- TASK DIRECTIONS
With the images removed, write out each record exactly as given.

━━━ TASK INPUTS

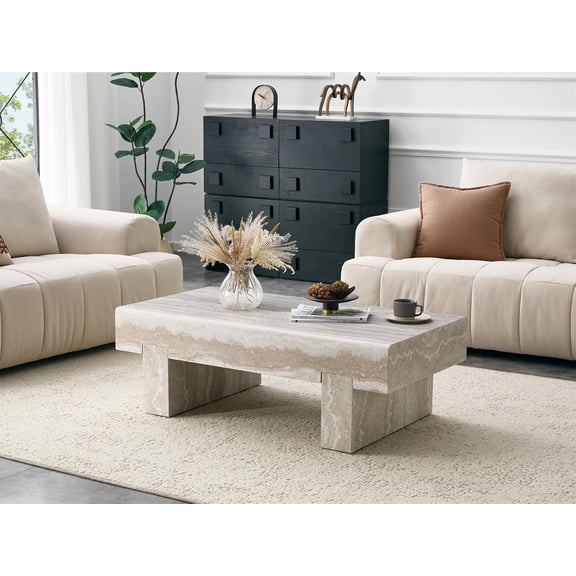 46'' Modern Coffee Table for Living Room, Marble Pattern Stone Travertine Coffee Table with Storage Thick Sturdy Legs for Dining Room Apartment Small Space (Stone Travertine Pattern)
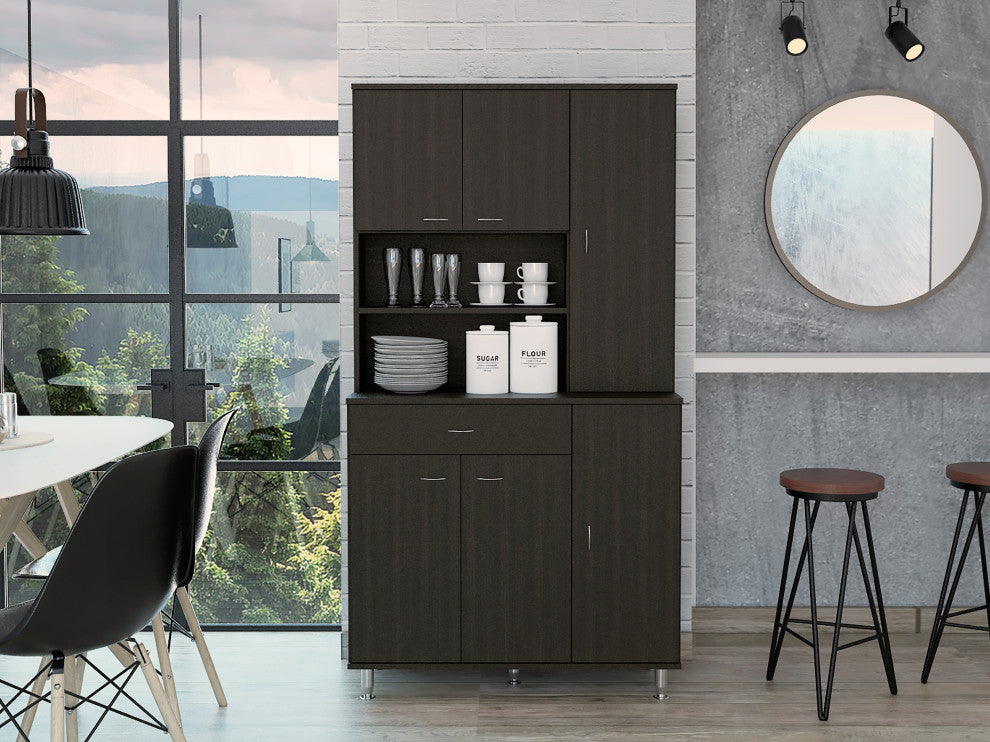 Helis 90" Pantry Cabinet Black Wengue, White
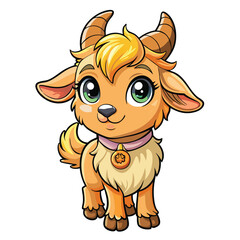 Cute cartoon goat with big eyes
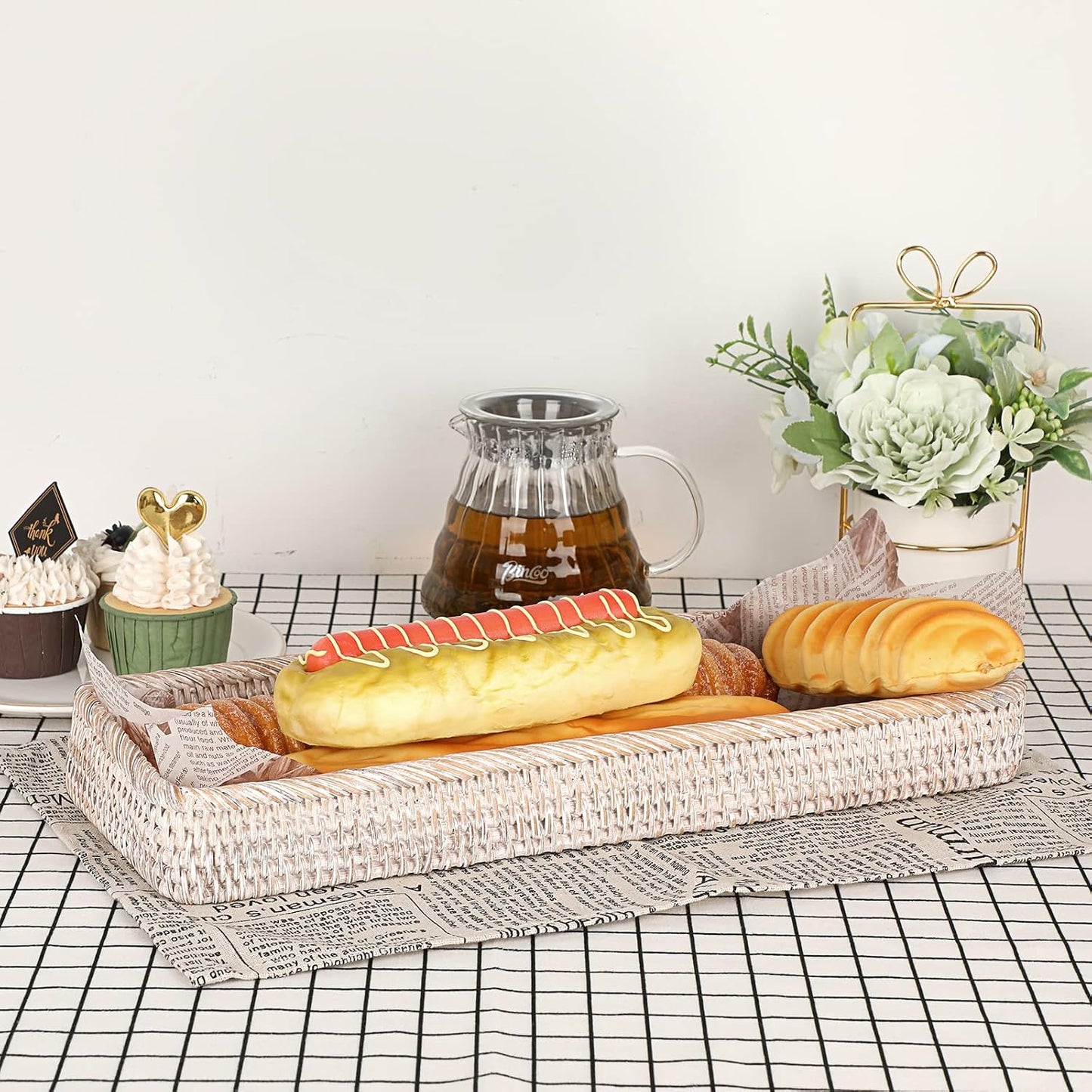 Rattan Bathroom Vanity Tray / White / 16 x 6.5 x 1.8
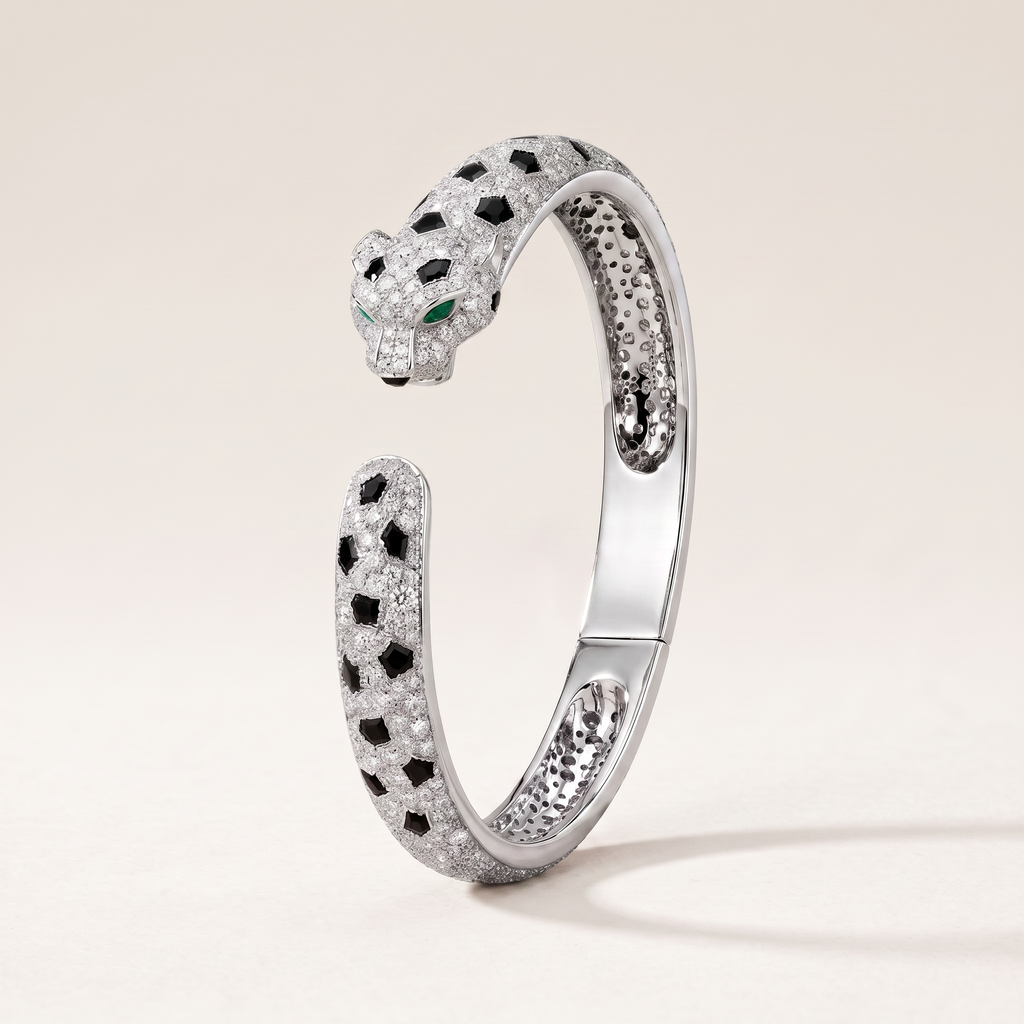 Panthere Pavé Diamonds Open Bangle Bracelet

━━━━━━

- TASK RESPONSE
 46'' Modern Coffee Table for Living Room, Marble Pattern Stone Travertine Coffee Table with Storage Thick Sturdy Legs for Dining Room Apartment Small Space (Stone Travertine Pattern)
 Helis 90" Pantry Cabinet Black Wengue, White
 Cute cartoon goat with big eyes
 Rattan Bathroom Vanity Tray / White / 16 x 6.5 x 1.8
 Panthere Pavé Diamonds Open Bangle Bracelet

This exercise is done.